_What you will do:_
Restate the listing word for word. Stop at the line that holds "[Fantasy Dragon Blanket]", include it, and leave out all pictures.

----------------------------------------

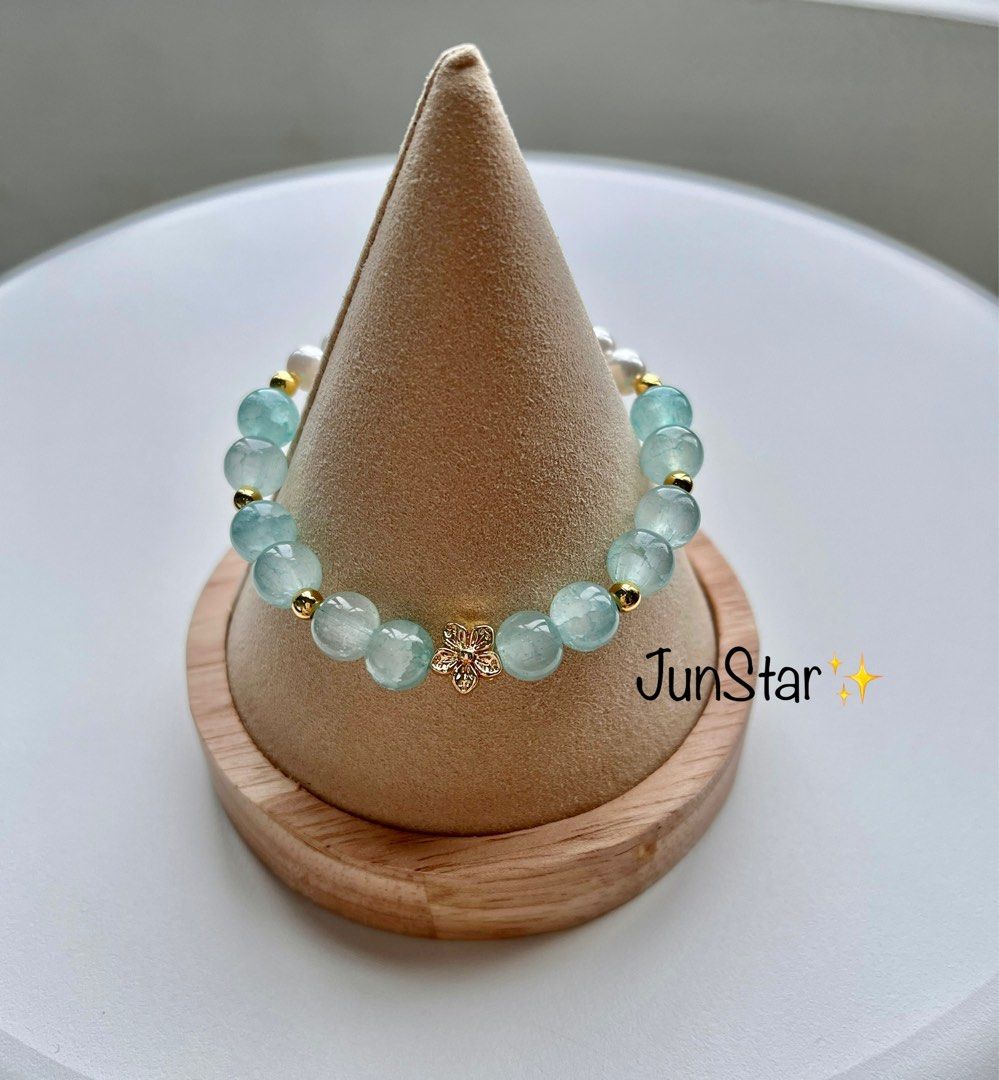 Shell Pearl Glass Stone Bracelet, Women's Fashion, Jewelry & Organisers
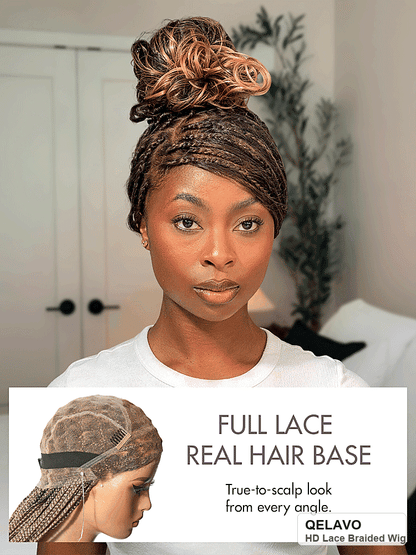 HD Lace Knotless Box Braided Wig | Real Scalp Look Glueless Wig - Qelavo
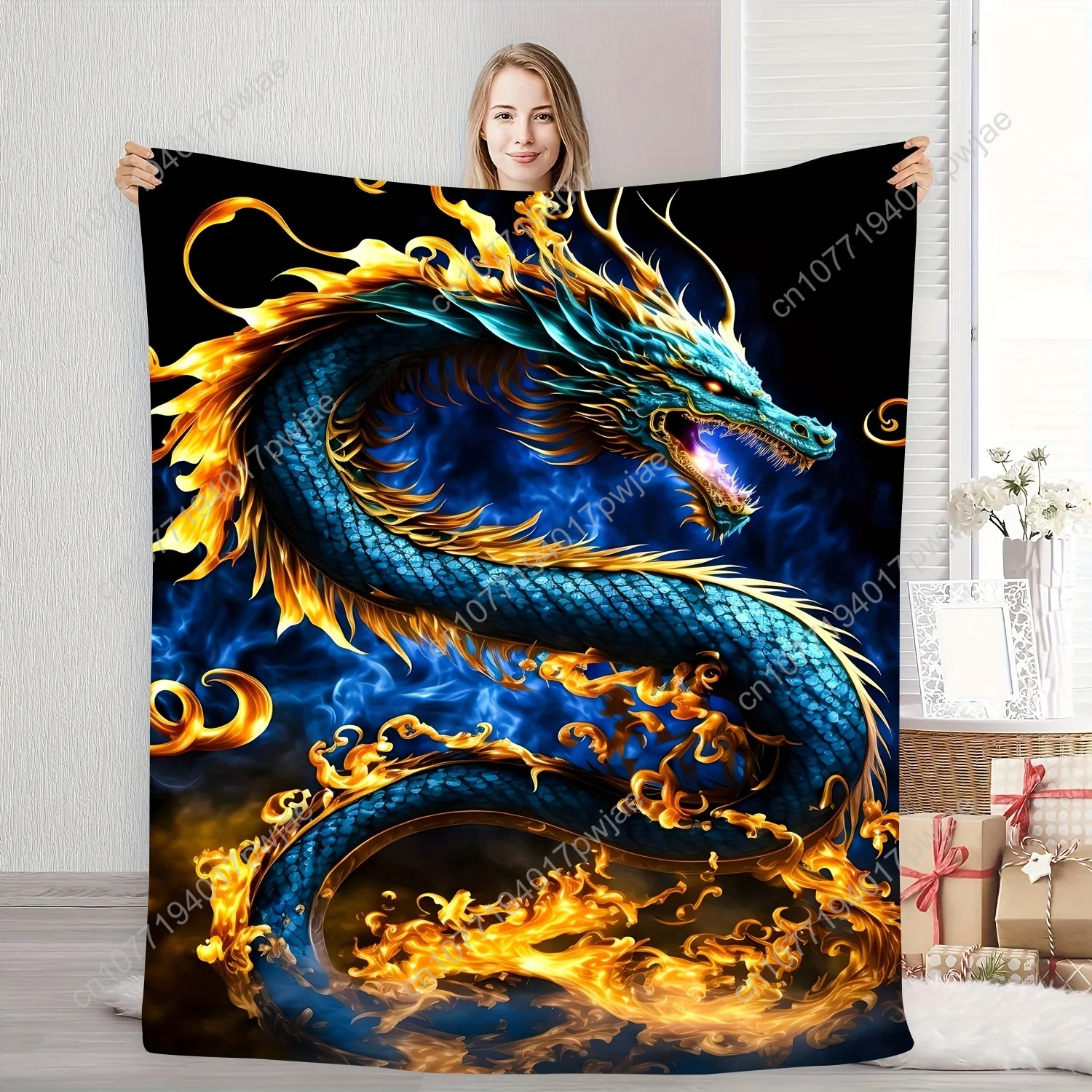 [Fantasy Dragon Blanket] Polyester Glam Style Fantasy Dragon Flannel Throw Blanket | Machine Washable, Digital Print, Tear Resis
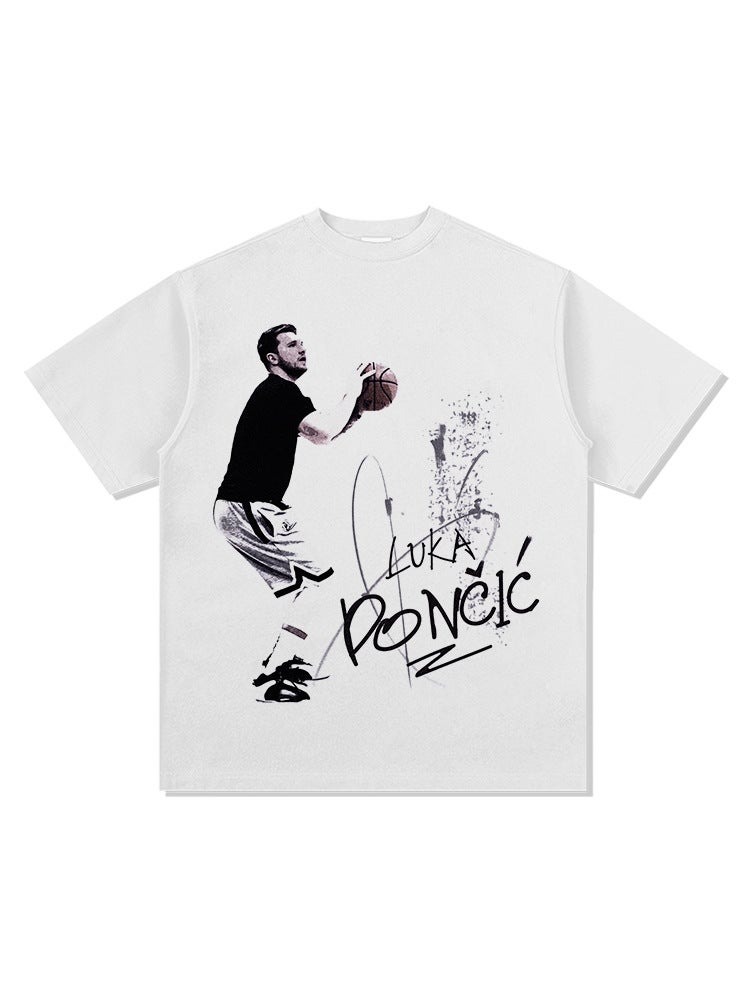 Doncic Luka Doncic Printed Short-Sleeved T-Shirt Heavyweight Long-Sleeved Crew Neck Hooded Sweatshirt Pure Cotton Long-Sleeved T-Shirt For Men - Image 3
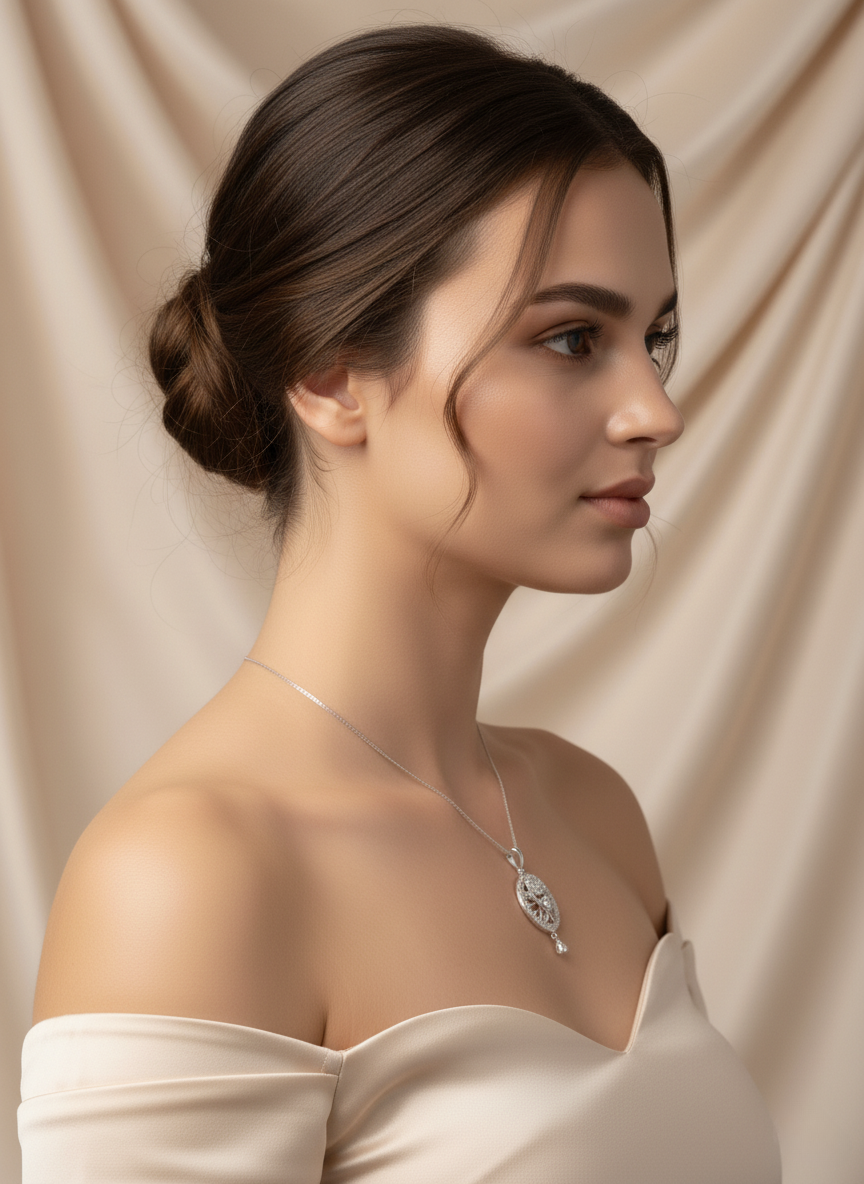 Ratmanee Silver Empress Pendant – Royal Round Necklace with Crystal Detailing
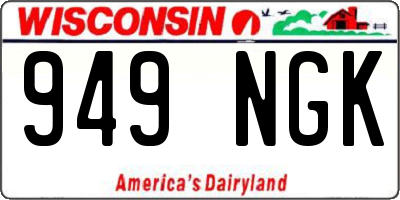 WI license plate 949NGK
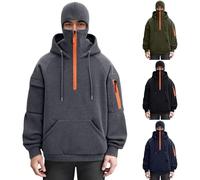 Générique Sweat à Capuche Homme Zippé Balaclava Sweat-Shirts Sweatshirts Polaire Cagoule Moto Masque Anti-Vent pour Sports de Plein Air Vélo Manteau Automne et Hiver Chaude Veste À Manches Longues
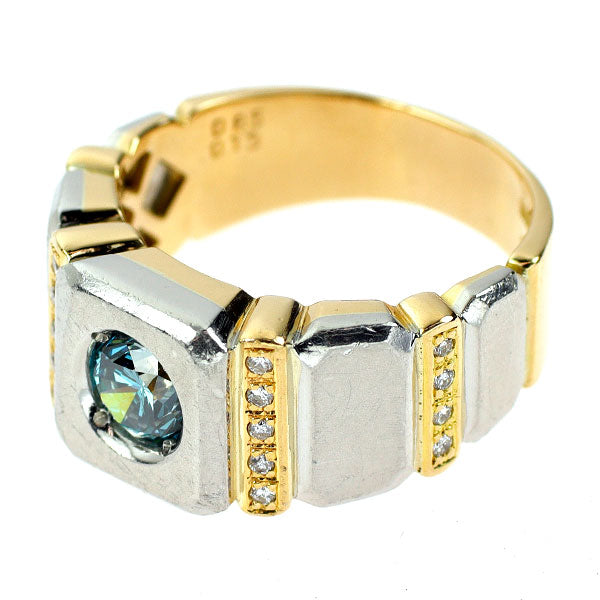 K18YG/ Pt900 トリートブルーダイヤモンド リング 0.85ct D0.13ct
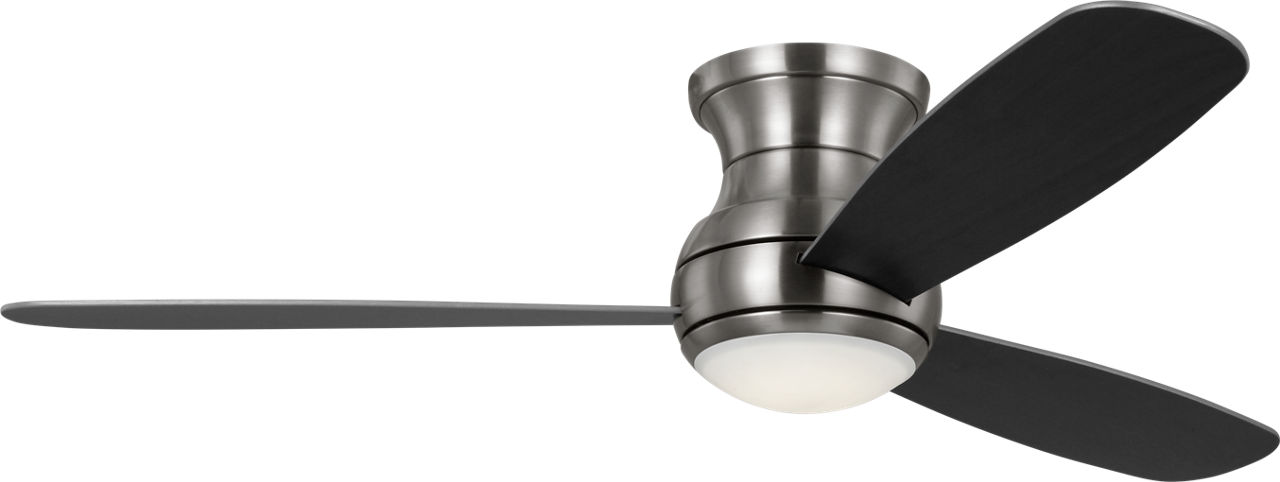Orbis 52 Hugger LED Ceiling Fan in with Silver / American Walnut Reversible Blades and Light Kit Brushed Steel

----------------------------------------

_Task solution:_
 Shell Pearl Glass Stone Bracelet, Women's Fashion, Jewelry & Organisers
 HD Lace Knotless Box Braided Wig | Real Scalp Look Glueless Wig - Qelavo
 [Fantasy Dragon Blanket] Polyester Glam Style Fantasy Dragon Flannel Throw Blanket | Machine Washable, Digital Print, Tear Resis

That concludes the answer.